#### RECORD EXCERPTS

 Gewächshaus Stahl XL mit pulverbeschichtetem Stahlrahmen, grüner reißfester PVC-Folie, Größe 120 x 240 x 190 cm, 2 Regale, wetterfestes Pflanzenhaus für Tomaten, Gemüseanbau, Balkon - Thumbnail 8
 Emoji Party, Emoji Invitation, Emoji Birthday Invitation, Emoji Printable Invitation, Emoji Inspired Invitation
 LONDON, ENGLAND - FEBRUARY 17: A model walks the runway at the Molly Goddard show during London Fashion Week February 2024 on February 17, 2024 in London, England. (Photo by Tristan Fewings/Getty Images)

--

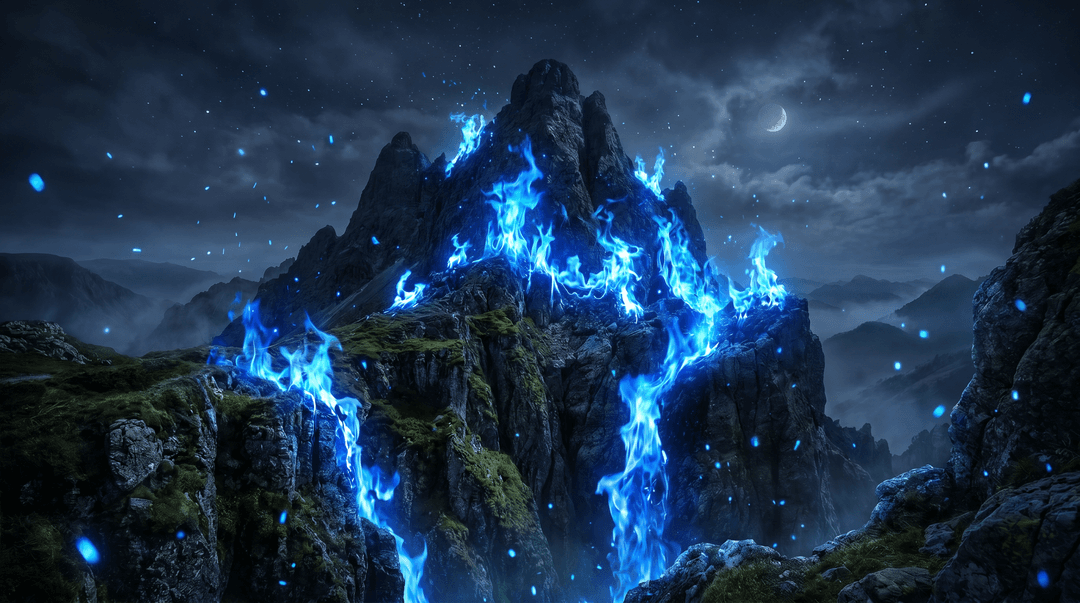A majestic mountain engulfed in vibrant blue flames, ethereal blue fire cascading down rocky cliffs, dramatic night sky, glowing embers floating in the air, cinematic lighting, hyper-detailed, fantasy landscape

#### ASSIGNMENT
Your reply is to repeat, unchanged, the lines above running from the one with "Emoji Party, Emoji" up to and including the one with "LONDON, ENGLAND - FEBRUARY".

#### WRITTEN SOLUTION
 Emoji Party, Emoji Invitation, Emoji Birthday Invitation, Emoji Printable Invitation, Emoji Inspired Invitation
 LONDON, ENGLAND - FEBRUARY 17: A model walks the runway at the Molly Goddard show during London Fashion Week February 2024 on February 17, 2024 in London, England. (Photo by Tristan Fewings/Getty Images)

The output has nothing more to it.